As the debate rages among football analysts over who should be the NFL MVP this season, our rcon14 makes the case that Rodgers is the clear choice, even amid discussions of WAR and total value added. Check out that piece here as a companion to this examination of one argument recently made against Rodgers’ case.
Pro Football Focus is both famous and infamous for their player grades. Many football analysts use them, especially for players without obvious objective counting stats like offensive linemen, but we don’t always feel good about it. PFF grades carry the veneer of scientific rigor and come from a source that provides data to all NFL teams, but what NFL teams get is a far cry from what the public sees, even through most levels of the PFF paywall.

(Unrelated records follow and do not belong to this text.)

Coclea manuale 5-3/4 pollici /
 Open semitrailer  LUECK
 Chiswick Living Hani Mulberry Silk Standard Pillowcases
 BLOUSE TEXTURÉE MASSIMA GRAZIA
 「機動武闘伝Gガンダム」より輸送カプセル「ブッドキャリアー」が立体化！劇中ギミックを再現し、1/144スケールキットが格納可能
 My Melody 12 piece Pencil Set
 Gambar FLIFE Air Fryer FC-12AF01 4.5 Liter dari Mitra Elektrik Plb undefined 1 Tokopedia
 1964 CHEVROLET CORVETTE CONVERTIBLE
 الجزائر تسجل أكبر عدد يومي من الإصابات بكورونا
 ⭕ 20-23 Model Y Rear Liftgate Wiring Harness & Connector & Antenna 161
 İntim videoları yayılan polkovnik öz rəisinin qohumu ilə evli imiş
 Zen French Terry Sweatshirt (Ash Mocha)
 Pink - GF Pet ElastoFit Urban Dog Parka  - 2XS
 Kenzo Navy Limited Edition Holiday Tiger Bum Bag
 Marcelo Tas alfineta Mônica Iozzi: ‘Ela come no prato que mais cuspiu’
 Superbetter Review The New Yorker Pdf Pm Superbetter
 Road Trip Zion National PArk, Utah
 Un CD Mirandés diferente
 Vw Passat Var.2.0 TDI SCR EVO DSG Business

We’ve all had our moments with PFF grading, from Aaron Rodgers’ 5-touchdown game against the Chiefs in 2015 to several oddly low grades for Kenny Clark throughout season (though he’s shot up the charts lately), and so we view their player grades with at least some level of skepticism. Eric Eager may be doing great analytical work behind the scenes, but PFF is not, fundamentally, an analytics site as we make use of it in everyday life. It is a scouting site, which often provides useful data but is still subject to the limits and flaws of any scouting endeavor.
Today, PFF’s Steve Palazzolo wrote an article advocating for Tom Brady as the MVP over Aaron Rodgers. While I write for a Packer-focused website, I have no special affinity for Aaron Rodgers, and if there is a good statistical case for a different MVP, I’m willing to be persuaded by it. Tom Brady is likely the greatest quarterback in the history of the league, and Brady being in the MVP mix is hardly a novel take.
This article also prominently features PFF WAR, a statistic that PFF has been working on seemingly forever. Their methodology seems generally sound, and having a better understanding of positional value is football is certainly valuable. That said, I have some issues with their WAR construction. Before we get to that, however, let’s explain what WAR is.
What is WAR and why is it important?
WAR (Wins Above Replacement) is originally a baseball statistic and, more accurately, a framework for aggregating various baseball statistics into a single number that gives an approximate value to that player in terms of Wins. Importantly, WAR judges players against a hypothetical “replacement player,” usually defined as the value that would be provided by a freely available player at that position. There are three major versions of WAR (Baseball Prospectus’ WARP, Fangraphs’ fWAR, and Baseball Reference’s bWAR), though they all use roughly the same framework. (In the interest of full disclosure, I used to write for Baseball Prospectus covering the Brewers.)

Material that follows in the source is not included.